What this task involves: Please transcribe exactly, and only, the lines of the data below between the line holding "Rachetele de Tenis" and the line holding "17.3' Full HD", inclusive.

Start of Extracted entries

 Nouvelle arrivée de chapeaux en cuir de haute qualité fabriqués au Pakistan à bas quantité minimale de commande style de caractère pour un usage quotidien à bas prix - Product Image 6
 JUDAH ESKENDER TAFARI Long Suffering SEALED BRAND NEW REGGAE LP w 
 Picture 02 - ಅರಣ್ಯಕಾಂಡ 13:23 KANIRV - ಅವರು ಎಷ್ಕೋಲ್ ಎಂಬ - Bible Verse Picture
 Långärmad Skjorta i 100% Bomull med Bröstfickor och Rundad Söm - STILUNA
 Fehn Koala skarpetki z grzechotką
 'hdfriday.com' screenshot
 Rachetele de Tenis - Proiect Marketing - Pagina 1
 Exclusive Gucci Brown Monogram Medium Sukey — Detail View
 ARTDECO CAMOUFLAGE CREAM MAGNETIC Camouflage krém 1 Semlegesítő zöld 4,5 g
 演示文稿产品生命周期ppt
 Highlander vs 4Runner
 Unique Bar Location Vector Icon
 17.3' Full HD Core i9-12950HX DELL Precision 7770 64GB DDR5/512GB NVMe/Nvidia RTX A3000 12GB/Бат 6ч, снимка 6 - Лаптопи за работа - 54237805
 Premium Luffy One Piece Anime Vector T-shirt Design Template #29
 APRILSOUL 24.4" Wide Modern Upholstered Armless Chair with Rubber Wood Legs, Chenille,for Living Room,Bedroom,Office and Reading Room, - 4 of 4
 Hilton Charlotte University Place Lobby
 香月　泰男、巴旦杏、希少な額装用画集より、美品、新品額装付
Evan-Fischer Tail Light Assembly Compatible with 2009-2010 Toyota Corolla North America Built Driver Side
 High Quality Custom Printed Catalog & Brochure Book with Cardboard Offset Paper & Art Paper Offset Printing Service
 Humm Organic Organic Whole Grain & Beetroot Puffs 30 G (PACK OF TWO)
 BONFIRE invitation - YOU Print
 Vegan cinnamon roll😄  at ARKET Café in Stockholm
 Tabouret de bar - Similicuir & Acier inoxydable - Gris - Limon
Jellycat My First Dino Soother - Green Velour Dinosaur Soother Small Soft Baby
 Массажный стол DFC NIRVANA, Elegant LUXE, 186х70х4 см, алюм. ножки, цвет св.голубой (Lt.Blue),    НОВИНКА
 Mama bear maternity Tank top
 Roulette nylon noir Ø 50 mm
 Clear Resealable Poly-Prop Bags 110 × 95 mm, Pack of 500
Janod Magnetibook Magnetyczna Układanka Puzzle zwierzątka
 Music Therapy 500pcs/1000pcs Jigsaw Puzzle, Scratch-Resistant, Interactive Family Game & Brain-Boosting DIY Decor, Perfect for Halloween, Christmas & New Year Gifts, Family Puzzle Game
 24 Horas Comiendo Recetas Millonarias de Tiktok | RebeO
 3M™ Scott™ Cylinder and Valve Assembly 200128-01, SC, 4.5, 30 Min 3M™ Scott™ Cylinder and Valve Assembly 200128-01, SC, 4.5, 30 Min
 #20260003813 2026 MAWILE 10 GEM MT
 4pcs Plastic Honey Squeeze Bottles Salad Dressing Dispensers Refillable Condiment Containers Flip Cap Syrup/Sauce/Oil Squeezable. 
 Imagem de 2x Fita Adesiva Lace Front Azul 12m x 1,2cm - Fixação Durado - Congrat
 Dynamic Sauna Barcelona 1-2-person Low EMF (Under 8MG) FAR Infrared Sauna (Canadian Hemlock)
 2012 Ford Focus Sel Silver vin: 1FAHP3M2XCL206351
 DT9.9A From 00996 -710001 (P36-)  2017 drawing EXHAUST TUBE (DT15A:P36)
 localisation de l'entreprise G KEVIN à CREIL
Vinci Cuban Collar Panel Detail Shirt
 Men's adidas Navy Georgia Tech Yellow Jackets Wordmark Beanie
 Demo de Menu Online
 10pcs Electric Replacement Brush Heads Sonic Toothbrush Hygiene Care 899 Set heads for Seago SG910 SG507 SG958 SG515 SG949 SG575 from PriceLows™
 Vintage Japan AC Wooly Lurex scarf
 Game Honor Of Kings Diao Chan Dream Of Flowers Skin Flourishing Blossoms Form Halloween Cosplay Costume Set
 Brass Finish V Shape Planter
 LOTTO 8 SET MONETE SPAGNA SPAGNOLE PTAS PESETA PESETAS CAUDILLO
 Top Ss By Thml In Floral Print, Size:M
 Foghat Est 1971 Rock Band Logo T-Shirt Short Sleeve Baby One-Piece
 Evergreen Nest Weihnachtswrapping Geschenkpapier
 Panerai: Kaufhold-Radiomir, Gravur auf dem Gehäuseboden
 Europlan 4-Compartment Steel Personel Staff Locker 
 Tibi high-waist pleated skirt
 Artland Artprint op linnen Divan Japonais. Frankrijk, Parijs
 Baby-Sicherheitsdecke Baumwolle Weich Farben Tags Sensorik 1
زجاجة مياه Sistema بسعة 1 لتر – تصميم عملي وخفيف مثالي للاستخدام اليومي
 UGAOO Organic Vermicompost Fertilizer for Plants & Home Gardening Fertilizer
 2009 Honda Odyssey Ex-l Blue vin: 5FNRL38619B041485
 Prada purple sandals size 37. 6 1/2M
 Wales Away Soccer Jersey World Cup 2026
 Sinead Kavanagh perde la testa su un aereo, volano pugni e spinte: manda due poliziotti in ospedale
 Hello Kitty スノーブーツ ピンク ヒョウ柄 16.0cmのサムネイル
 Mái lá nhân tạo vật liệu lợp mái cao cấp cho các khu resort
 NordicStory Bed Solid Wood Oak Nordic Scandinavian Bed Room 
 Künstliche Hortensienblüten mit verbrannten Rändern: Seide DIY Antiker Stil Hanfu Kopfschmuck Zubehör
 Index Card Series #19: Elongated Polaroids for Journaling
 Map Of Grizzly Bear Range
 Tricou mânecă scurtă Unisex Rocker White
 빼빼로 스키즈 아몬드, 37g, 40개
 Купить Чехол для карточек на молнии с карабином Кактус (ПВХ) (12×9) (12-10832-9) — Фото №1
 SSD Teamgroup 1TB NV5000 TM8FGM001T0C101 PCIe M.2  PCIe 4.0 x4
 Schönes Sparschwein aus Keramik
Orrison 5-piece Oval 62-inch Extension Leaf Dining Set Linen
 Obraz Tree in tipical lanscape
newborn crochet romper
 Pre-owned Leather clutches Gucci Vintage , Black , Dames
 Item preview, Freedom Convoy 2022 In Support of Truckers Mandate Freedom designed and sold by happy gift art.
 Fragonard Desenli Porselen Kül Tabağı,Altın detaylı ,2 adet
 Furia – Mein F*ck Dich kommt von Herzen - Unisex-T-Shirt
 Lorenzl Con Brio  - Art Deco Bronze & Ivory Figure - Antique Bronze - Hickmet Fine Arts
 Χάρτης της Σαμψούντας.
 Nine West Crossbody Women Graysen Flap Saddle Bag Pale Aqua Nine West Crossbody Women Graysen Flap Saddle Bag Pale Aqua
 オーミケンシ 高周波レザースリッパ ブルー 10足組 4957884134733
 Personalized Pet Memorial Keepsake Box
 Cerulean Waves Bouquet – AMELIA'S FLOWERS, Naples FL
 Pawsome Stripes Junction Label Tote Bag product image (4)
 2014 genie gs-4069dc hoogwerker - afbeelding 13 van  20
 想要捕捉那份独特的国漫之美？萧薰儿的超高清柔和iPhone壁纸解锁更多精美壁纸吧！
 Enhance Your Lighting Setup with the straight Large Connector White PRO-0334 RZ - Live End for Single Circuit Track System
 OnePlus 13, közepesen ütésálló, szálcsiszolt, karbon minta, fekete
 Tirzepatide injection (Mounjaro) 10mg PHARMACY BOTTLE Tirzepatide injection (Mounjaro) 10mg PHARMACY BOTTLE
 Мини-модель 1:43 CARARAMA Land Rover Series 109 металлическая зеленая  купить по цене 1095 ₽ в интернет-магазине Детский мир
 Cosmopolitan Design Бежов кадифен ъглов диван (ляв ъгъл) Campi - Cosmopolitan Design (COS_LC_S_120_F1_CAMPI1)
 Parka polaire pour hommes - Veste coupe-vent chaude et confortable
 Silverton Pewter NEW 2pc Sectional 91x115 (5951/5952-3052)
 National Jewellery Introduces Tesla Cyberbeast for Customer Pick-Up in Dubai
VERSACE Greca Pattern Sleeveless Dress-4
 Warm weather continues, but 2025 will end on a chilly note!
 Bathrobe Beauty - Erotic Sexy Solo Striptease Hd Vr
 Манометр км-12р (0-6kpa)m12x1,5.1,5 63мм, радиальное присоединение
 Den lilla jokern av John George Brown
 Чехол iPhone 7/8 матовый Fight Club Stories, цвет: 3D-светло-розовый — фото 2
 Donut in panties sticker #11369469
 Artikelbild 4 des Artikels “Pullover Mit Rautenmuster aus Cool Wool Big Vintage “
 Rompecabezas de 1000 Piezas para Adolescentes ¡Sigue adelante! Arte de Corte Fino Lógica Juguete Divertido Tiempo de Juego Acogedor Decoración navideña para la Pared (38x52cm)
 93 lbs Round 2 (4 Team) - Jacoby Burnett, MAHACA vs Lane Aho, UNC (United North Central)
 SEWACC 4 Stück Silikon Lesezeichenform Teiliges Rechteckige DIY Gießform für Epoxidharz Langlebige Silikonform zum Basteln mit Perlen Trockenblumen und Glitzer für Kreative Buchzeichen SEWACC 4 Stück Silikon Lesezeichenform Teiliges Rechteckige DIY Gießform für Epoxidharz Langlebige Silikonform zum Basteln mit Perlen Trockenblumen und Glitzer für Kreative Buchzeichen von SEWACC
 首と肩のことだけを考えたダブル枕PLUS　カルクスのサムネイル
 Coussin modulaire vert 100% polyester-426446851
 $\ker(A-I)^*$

End of Extracted entries

Response below:
 Rachetele de Tenis - Proiect Marketing - Pagina 1
 Exclusive Gucci Brown Monogram Medium Sukey — Detail View
 ARTDECO CAMOUFLAGE CREAM MAGNETIC Camouflage krém 1 Semlegesítő zöld 4,5 g
 演示文稿产品生命周期ppt
 Highlander vs 4Runner
 Unique Bar Location Vector Icon
 17.3' Full HD Core i9-12950HX DELL Precision 7770 64GB DDR5/512GB NVMe/Nvidia RTX A3000 12GB/Бат 6ч, снимка 6 - Лаптопи за работа - 54237805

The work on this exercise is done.